Experience has shown, and a true philosophy will always show, that a vast, perhaps the larger portion of the truth arises from the seemingly irrelevant.

Edgar Allan Poe

The Mystery Of Marie Rogêt

In my last post, about the history of mathematics, I mentioned briefly the mathematician GH Hardy, who was based in Cambridge in the early twentieth century and who was the mentor of Srinivasa Ramanujan, the subject of Hollywood’s latest foray into the world of mathematical genius. Hardy wrote a wonderful book called *A Mathematician’s Apology*, in which he discusses the beauty of mathematics and expounds the importance of mathematics for its own sake, rather than for its applications. Hardy was vociferous in his belief that the most beautiful mathematics was pure mathematics, that which had no applications. It wasn’t that Hardy was against applying mathematics per se, more that true elegance existed in a discipline that was pursued chiefly as a matter of intellectual curiosity, or in the act of creating or discovering something truly new, without the ulterior motive of improving the material lot of humankind.

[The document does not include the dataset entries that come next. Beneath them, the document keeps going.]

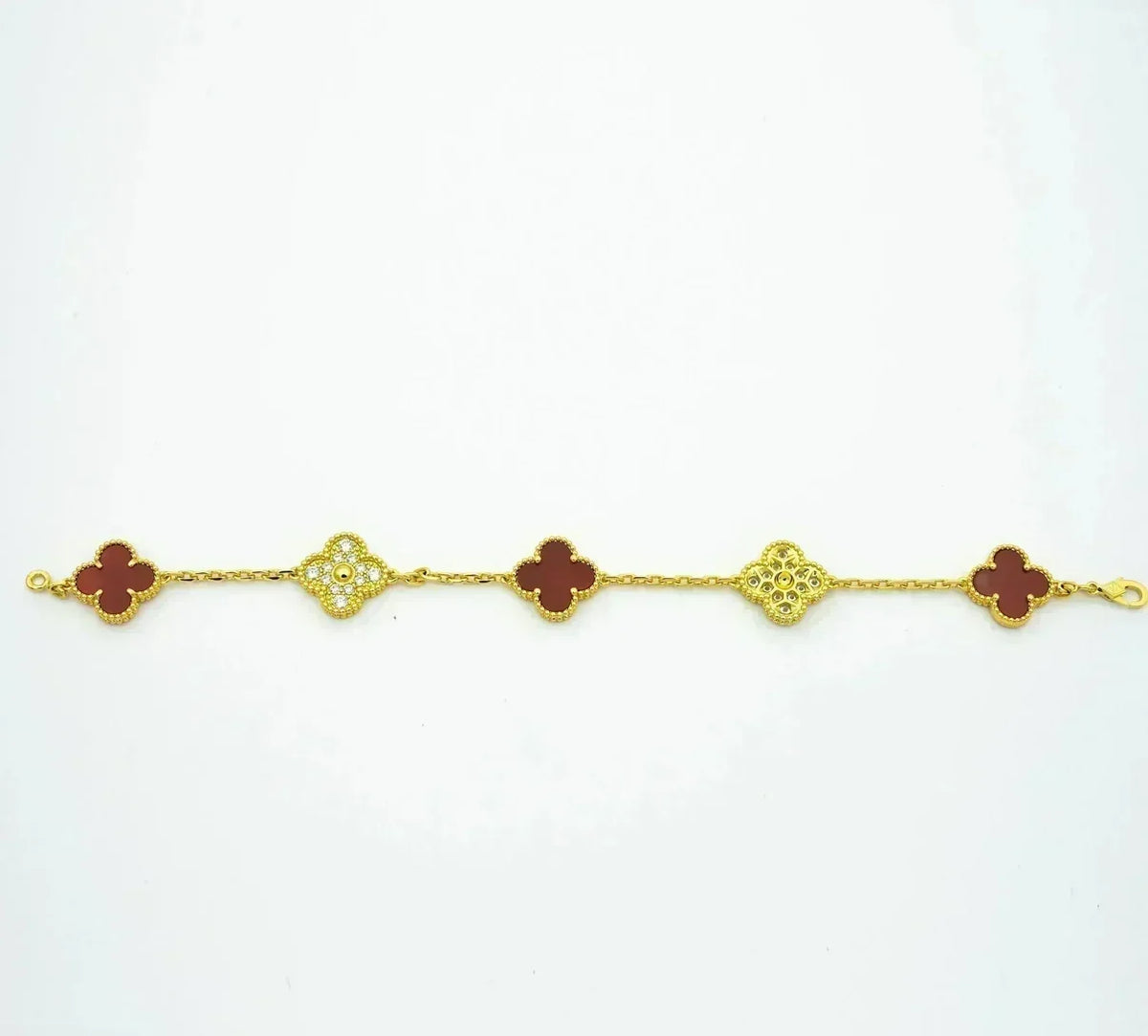 AuraLeaf – Lucky Carnelian Clover Bracelet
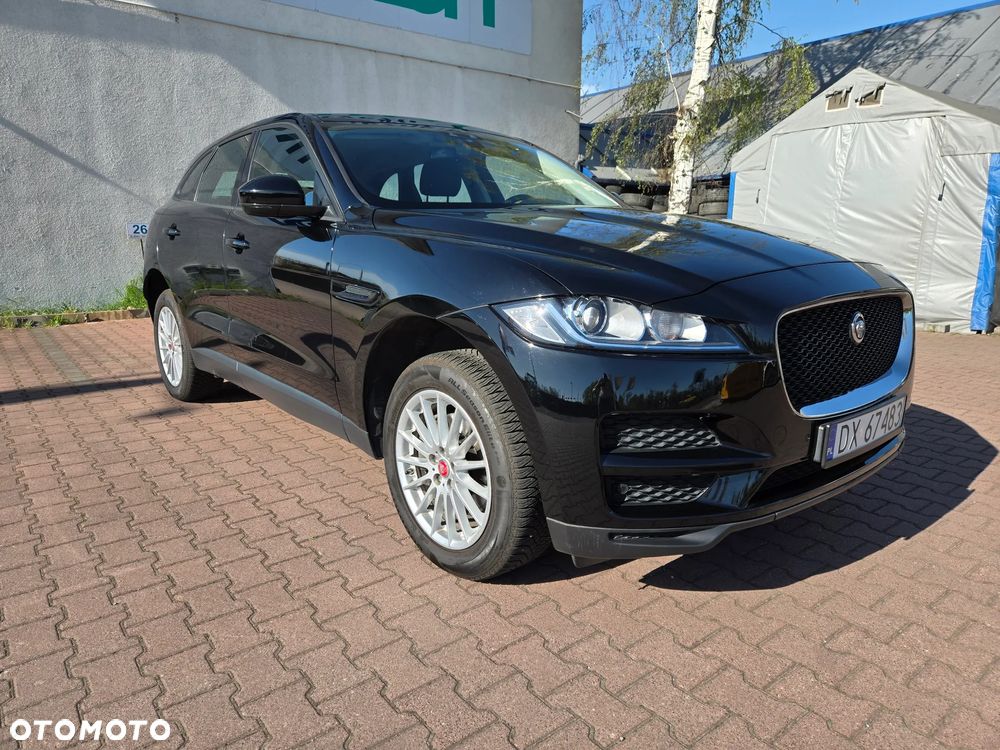 Jaguar F-Pace 2.0 i4D RWD Pure - 2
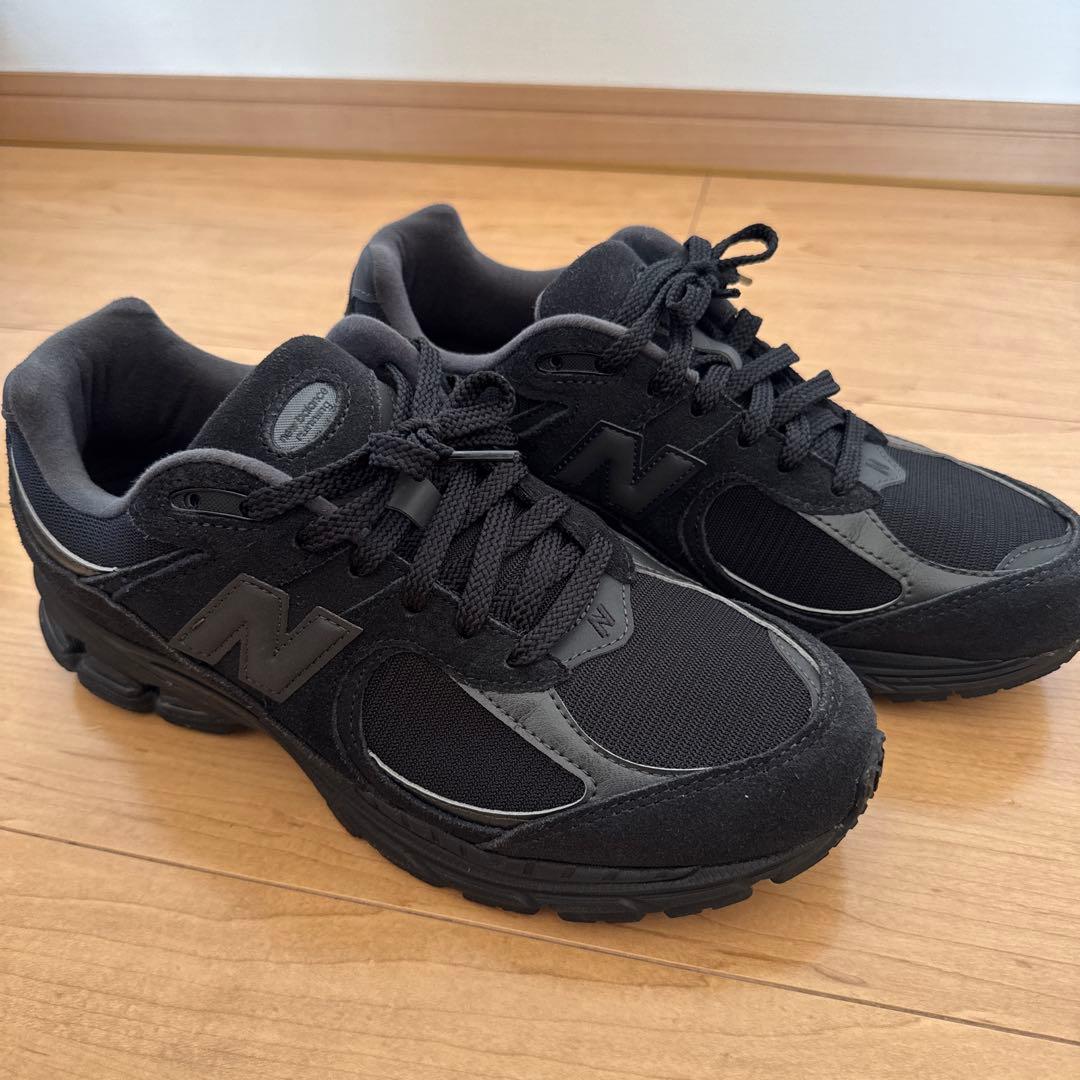 New Balance 2002RBL トリプルブラック 27.5 - メルカリ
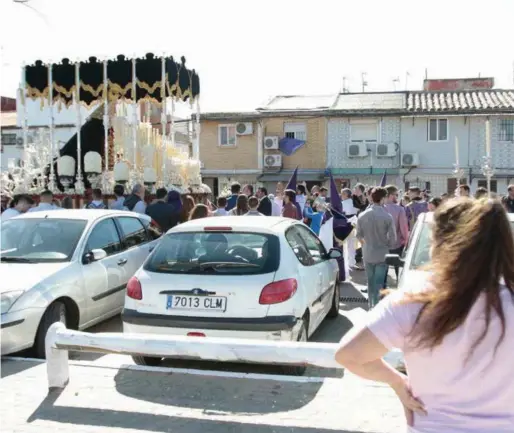  ?? Foto: Pepe Ortega. ?? El palio de María Santísima de los Dolores a su paso por las calles del barrio.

Hardy’s own field of expertise was number theory. He boasted of his efforts, “Nothing I have ever done is of the slightest practical use” as if this made his life’s work all the more satisfying. Perhaps the greatest irony of Hardy’s pronouncements is that it is specifically his field which has formed the basis of much of the modern world. Turing and the Bletchley Park scientists cracked the Enigma code using number theory. Public-key cryptography, on which the web relies, is number theory. But the fact that the work of Hardy and numerous other pure mathematicians who do “maths for maths sake” often turns out to be eminently useful in no way nullifies the ideas Hardy espoused.

Hardy’s ideas are hugely important when considering education, what we teach and why we teach, not just in mathematics but in every subject. In striving to make our curriculum “relevant” or “applicable” we create a state whereby those whose experience is naturally limited are confined indefinitely to their current borders. They are unintentionally taught that what is important is what you already know and experience. In so doing, one of the greatest capacities of the human mind is dulled: intellectual curiosity and the desire to understand and explain. Hardy knew that although the proof of the irrationality of the square root of two was irrelevant to most people, there was a whole universe of numbers and mathematics out there whose mere existence meant it had to be discovered, and that the utmost satisfaction was to be gained in the pursuit of this knowledge. What *we* know, with the benefit of history and reflection, is that intellectual curiosity always leads to relevance in some form or another, although not always immediately, therefore it is silly to make relevance our aim.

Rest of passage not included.